Shaw Point—Although it may seem exaggerated, the sun in Interior Alaska is indeed relentless. In June, northwest of Delta Junction, daylight lasts nearly 21 hours. Night is limited to a brief period of twilight as the sun descends just beneath the horizon before rising again. While temperatures only reached the low 80s, the continuous sunlight produced a cumulative effect. Summer days in Alaska are longer, not due to the clock, but because the light is constant.
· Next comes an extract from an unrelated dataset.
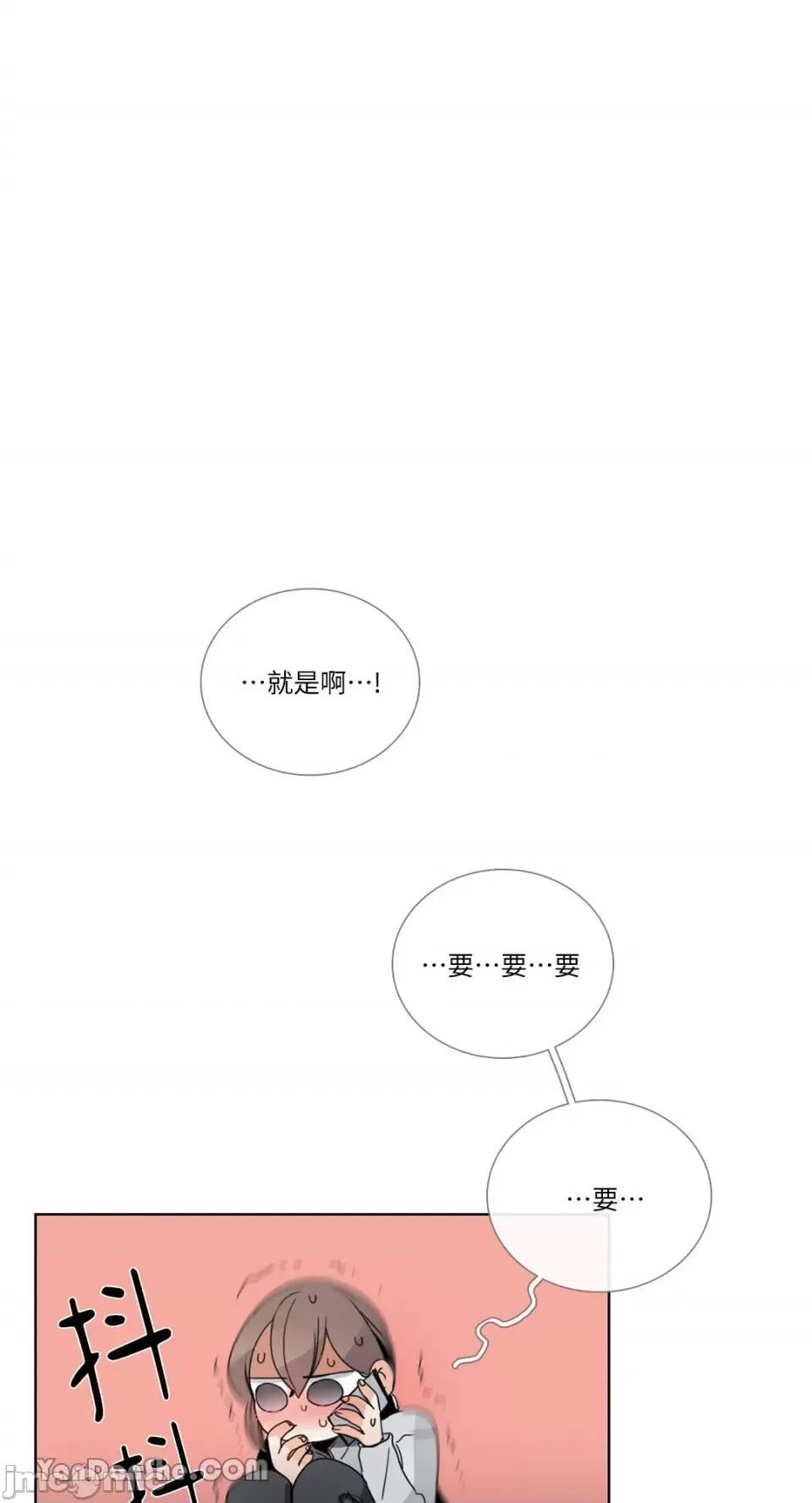 Talk Talk to Me-37 第6页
Three people hiking through tree filled landscape wearing backpacks and carrying equipment
Five archaeologists hike through wetlands toward Shaw Point, Alaska, carrying excavation equipment on June 8, 2026. The team crosses a burn scar left by a 2023 wildfire, with blackened spruce trees surrounding the trail. Photo by Tom Turner.
Five archaeologists hike through wetlands toward Shaw Point, Alaska, carrying excavation equipment on June 8, 2026. The team crosses a burn scar left by a 2023 wildfire, with blackened spruce trees surrounding the trail. Photo by Tom Turner.
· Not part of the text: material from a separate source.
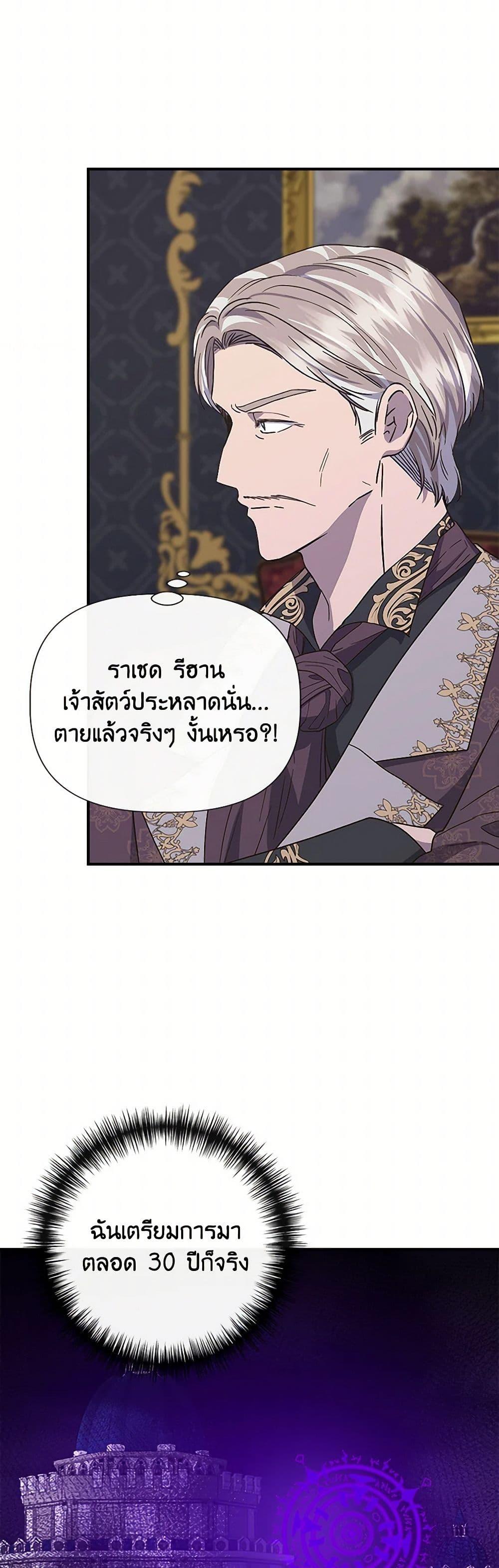 Manga-lc-com อ่านมังงะ อ่านการ์ตูน ออนไลน์ ฟรี I Wasn’t the Cinderella ตอนที่ 1 2 3 4 5 6 7 8 9 10 11 12 13 14 ฟรี ไม่มีโฆษณา Manga-lc - อ่าน มังงะ อ่าน การ์ตูน ออนไลน์ อ่านมังงะ ฟรี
I know a bit about this because I have lived in Alaska for the past eight years. I am an artist and educator teaching photography and digital art at Bartlett High School in Anchorage. Since moving from Texas, where I was teaching as an adjunct instructor at various institutions, I have spent much of my time trying to understand the ecology, geology, and history of this place. I became interested in participating in a Polar STEAM expedition in Alaska to continue discovering my adopted state.  

Portraits of Dr. Briana Doering, Cinthia Campos-Hernández Alex Diaz, Haley Purifoy and Hannah Branson.

Our research team at Shaw Point was led by Dr. Briana Doering (who goes by Bree). Working alongside her were graduate students and researchers investigating different aspects of the site. Cinthia Campos-Hernández and Haley Purifoy study the use of ancient plants. Alex Diaz focuses on the role of salmon in subsistence strategies through ancient sites, while Hannah Branson explores evidence of children in the archaeological record and what it may reveal about childhood thousands of years ago.

For a week and a half, we worked on top of Shaw Point, a small rise surrounded by wetlands and bogs. The forest around us had burned during a lightning-caused wildfire in 2023. Blackened spruce trunks lay dispersed across the site like a massive game of pick-up sticks, and not a single tree on the crest of the rise had survived the fire. Some still stood upright, skeletal and gray, creaking faintly when the wind moved through them. Shortly after the fire, the site might have been described as desolate, but life was already returning. Grasses and young plants were beginning to reclaim the ground, and the smell of smoke lingered only when you grazed a dead trunk or disturbed the charred bark.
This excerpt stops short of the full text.